Denis Vavassori, délégué CGTà franceinfo
Les règles d'entretien sont pourtant gravées dans le fer. Gustave Eiffel avait lui-même prescrit que la tour Eiffel devait être repeinte tous les sept ans, selon le site officiel du monument. Une fréquence respectée, selon cette même source : la Dame de fer a été repeinte 19 fois en 130 ans, soit près d'une fois tous les sept ans. Pour l'ingénieur, la peinture constitue "l'élément essentiel de la conservation d'un ouvrage métallique" et "les soins qui y sont apportés sont la seule garantie de sa durée", insistait-il dans son ouvrage La Tour de 300 mètres, édité en 1900.
"Il reste 70% de la peinture à faire"
La vingtième, et toute dernière, campagne de peinture a débuté en 2019 en vue des Jeux de Paris 2024. Celle-ci, bien plus complexe que les précédentes, accuse un retard important à cause de la pandémie, mais aussi d'une suspension des travaux en raison d'une pollution au plomb ayant causé le triplement du coût du chantier. Avant cette campagne, le dernier coup de peinture avait eu lieu en 2009. Pour Denis Vavassori, la campagne actuelle ne va pas assez vite : "Sur les 15% de décapage prévus, seulement 3% ont été réalisés, et il reste encore 70% du travail de peinture à faire", déplore-t-il.
Sur le réseau social X, plusieurs internautes ont partagé des photos montrant l'apparition d'oxydation sur le monument, émettant les mêmes inquiétudes. "La rouille est apparue dans des proportions inédites", alerte un internaute sur X, accusant la municipalité de Paris, principal actionnaire de la tour Eiffel, de "gestion calamiteuse". "La tour est probablement corrodée", avance un autre internaute, proche du mouvement citoyen #SaccageParis, qui milite contre la politique municipale de la capitale.

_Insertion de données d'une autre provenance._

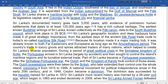The country's trade in luxury goods and spices attracted traders of many nations, helping to create Sri Lanka's diverse population. During a period of great political crisis, the Sinhalese kingdom of Kotte emerged as a significant force in Sri Lanka's history.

En juin 2022, l'hebdomadaire Marianne avait évoqué un "état très dégradé" de la tour et une maintenance "laissant à désirer", s'appuyant sur trois rapports d'expertise confidentiels réalisés entre 2010 et 2016. Interrogé par franceinfo à l'époque, le directeur général de la Sete, Jean-François Martins, avait alors assuré que "la tour Eiffel n'avait jamais été aussi préservée". Aujourd'hui encore, le monument est "en très bon état", se défend Emmanuel Grégoire, premier adjoint à la mairie de Paris. "C'est un joyau de la ville (...) qui fait l'objet d'investissements très lourds", a rappelé l'élu chargé de l'urbanisme et de l'architecture à la municipalité, mercredi, sur franceinfo.
De son côté, le maître d'œuvre de cette vingtième campagne de peinture de la tour Eiffel reconnaît le caractère "inédit" et "complexe" de l'opération en cours. "C'est la première fois que l'on décape la tour. C'est un succès incroyable que d'avoir réussi à mettre au point ce décapage", se félicite Pierre-Antoine Gatier, architecte en chef des Monuments historiques, évoquant "une prouesse technologique".
Un décapage d'autant plus difficile qu'il fallait composer avec le plomb contenu dans le revêtement de la tour : "Il a fallu réinventer toutes les techniques de chantier, redéfinir tous les protocoles de travaux. C'est ce qui a coûté cher", explique l'architecte. En 2016, la Sete avait été condamnée à 18 700 euros d'amende pour avoir sciemment exposé des ouvriers à des taux de plomb trop élevés dans les peintures lors d'une précédente rénovation. Depuis la pollution au plomb causée par l'incendie de Notre-Dame en 2019, "il y a eu un renforcement des conditions de sécurité sanitaire sur les chantiers", affirme Pierre-Antoine Gatier.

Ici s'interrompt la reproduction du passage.